Rather, seven of the nine justices split into three different camps, each of which proposes a different way that the Court should handle cases arising on its “shadow docket,” a mix of emergency motions and other matters that the Court decides on an expedited basis — often without full briefing or oral argument. The Labrador case arose on the Court’s shadow docket.

Indeed, Idaho’s lawyers did not even attempt to defend its restrictions on gender-affirming care on the merits. Instead, they argued that the lower court went too far by prohibiting the state from enforcing its ban against any patient or any doctor.

A majority of the justices agreed with the state, ruling that the ban cannot be enforced against the actual plaintiffs in this case, two trans children and their parents, but that it can be enforced against anyone who has not yet sought a court order allowing them to receive gender-affirming care.

How the justices divided in this case

While none of the justices discussed at much length whether they think the Constitution permits Idaho to ban transgender health care, every justice but Chief Justice John Roberts and Justice Elena Kagan joined one of three opinions laying out how they think the Court should respond to parties asking them to provide relief on the Court’s shadow docket.

Ordinarily, the Supreme Court waits until a case has been fully litigated in the lower courts before weighing in on a case in any way. Under its normal process, the Court also typically receives hundreds of pages’ worth of briefing on a case, hears oral argument, and spends months deliberating on how to decide it.

Cases on the shadow docket, by contrast, ask the justices to bypass this ordinary process, typically to block a lower court order before the case has been fully resolved by a lower appellate court. The justices used to grant shadow docket relief very rarely — most often in death penalty cases where the inmate would be executed if the Court did not intervene swiftly — but it started granting it very often in the Trump administration after Trump’s Justice Department started routinely requesting shadow docket relief.

The justices divided into three camps in the Labrador case, with each camp joining concurring or dissenting opinions laying out how they think shadow docket cases should be resolved moving forward.

Justice Neil Gorsuch, joined by Justices Clarence Thomas and Samuel Alito, faulted the lower court for issuing a “universal injunction” that prohibits Idaho from applying its anti-trans law to any party. Gorsuch argued that courts should issue more limited orders when a state or federal law is successfully challenged, which only prevent the state or the federal government from enforcing its law against the specific plaintiffs who brought the successful challenge.

Kavanaugh, joined by Barrett, argued that, in shadow docket cases, the Court often “has little choice but to decide the emergency application by assessing likelihood of success on the merits.” That means the Court’s decision to grant shadow docket relief will often turn on whether they think the party seeking such relief should ultimately prevail when the courts reach a final decision in the case.

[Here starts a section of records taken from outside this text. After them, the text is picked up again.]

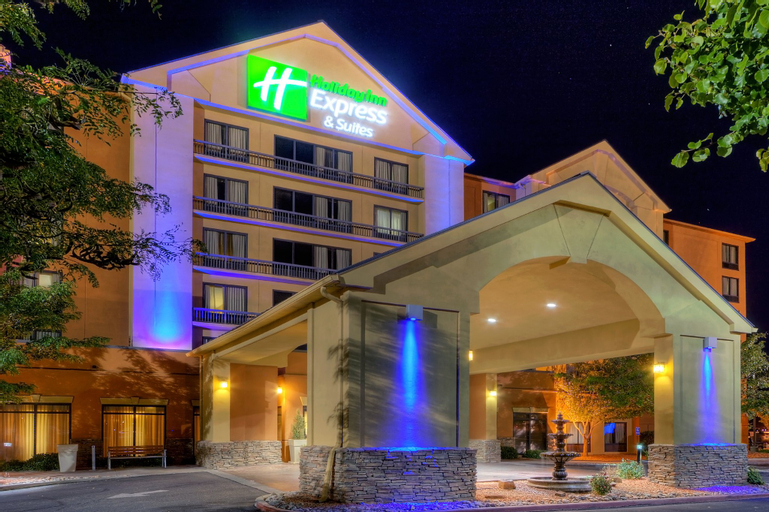 Holiday Inn Express & Suites Albuquerque Midtown, Bernalillo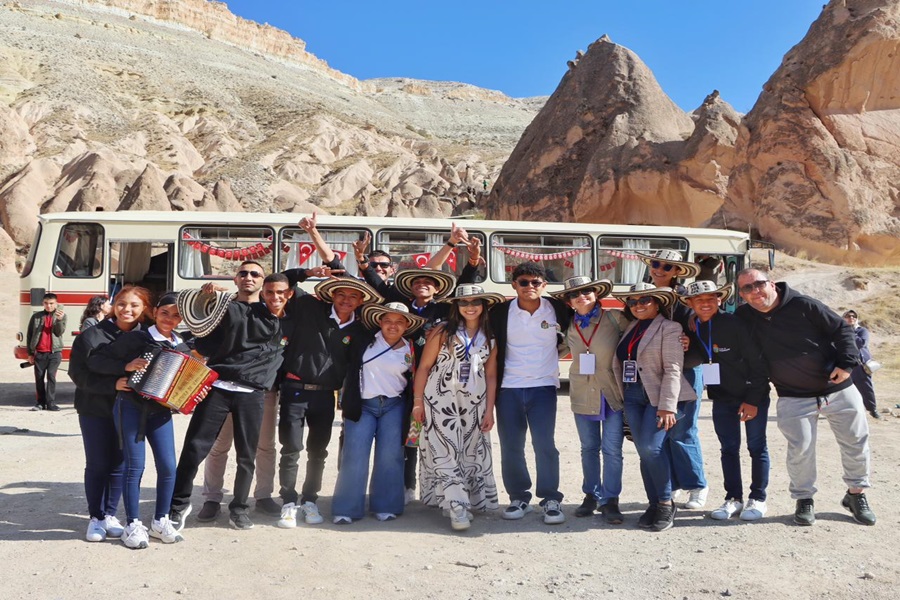 El vallenato cruzó fronteras: jóvenes de Valledupar cerraron con éxito su experiencia musical en Turquía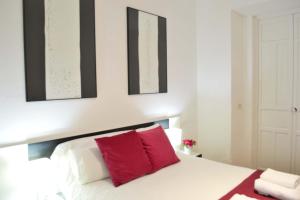 Łóżko lub łóżka w pokoju w obiekcie Casas y Patios de Sevilla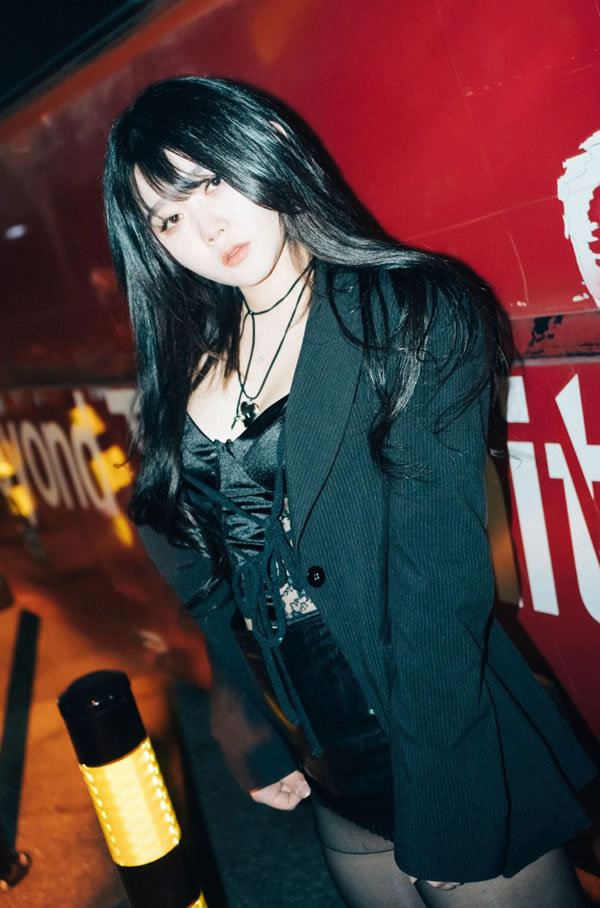 深夜大马路上穿行的美女Zia福利图集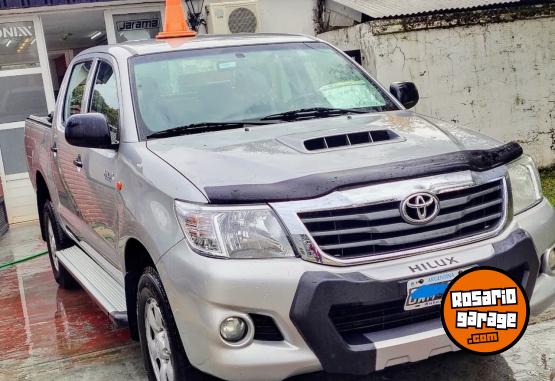Camionetas - Toyota Hilux DX 2015 2015 Diesel 260000Km - En Venta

That’s potentially very bad news for transgender children. Though Kavanaugh’s opinion does not discuss whether he thinks Idaho’s law is constitutional, the fact that he voted to reinstate the law (except with respect to the two plaintiff families in this case) suggests that he thinks Idaho has a “likelihood of success on the merits” when the ultimate question of whether trans health care bans are legal reaches the Supreme Court.

Finally, Justice Ketanji Brown Jackson, joined by Justice Sonia Sotomayor, argued that the Court should show more “restraint” when it is asked to grant shadow docket relief. She argues that “our respect for lower court judges — no less committed to fulfilling their constitutional duties than we are and much more familiar with the particulars of the case — normally requires an applicant seeking an emergency stay from this Court after two prior denials to carry ‘an especially heavy burden.’”

Although neither Roberts nor Kagan joined any of these opinions, Kagan briefly indicated that she would have denied the request to reinstate Idaho’s law in its entirety.

So who is correct? I have argued in the past in favor of Gorsuch’s approach. The kind of universal injunctions that Gorsuch rails against often allow a single judge to decide an entire state’s, or even the entire nation’s, policy. As more judges have claimed the power to issue such broad injunctions, many parties have sought out judges with particularly extreme views. And these judges often issue broad injunctions imposing a new, nationwide policy that few other judges would tolerate.

Of the three approaches outlined in the Labrador opinions, Gorsuch’s is the most likely to end this practice. Moreover, while liberals may be frustrated by the results in the Labrador case — an anti-trans law will go into effect and likely prevent many teens from receiving health care — the federal courts are dominated by Republican appointees. So a rule against universal injunctions is likely to benefit liberals more than it will benefit conservatives in the long run.

Yet, while a principled rule forbidding both Democratic and Republican judges from issuing universal injunctions is probably the fairest outcome, it’s far from clear that this Supreme Court is capable of such a principled approach. While Gorsuch frequently rails against universal injunctions in his opinions, his concern about them often evaporates once a lower court judge blocks a policy supported by Democrats.

Last year, for example, Gorsuch voted to leave in a place a Republican judge’s order blocking a federal policy prohibiting “ghost guns,” weapons designed to evade certain federal restrictions on gun sales.

Meanwhile, while Thomas and Alito joined Gorsuch’s Labrador opinion, their hypocrisy on the issue of universal injunctions is boundless. Among other things, Thomas and Alito were the only justices who supported several lower court judges’ attempt to block women throughout the country from using the abortion drug mifepristone.

The Labrador case fits this pattern. Thomas, Alito, and Gorsuch are perfectly willing to rail against universal injunctions when the winners are Republicans who oppose transgender rights. But it remains to be seen whether they will hew to the position they staked out in Labrador the next time the Biden administration asks them to reinstate a federal policy that was blocked by a Republican lower court judge.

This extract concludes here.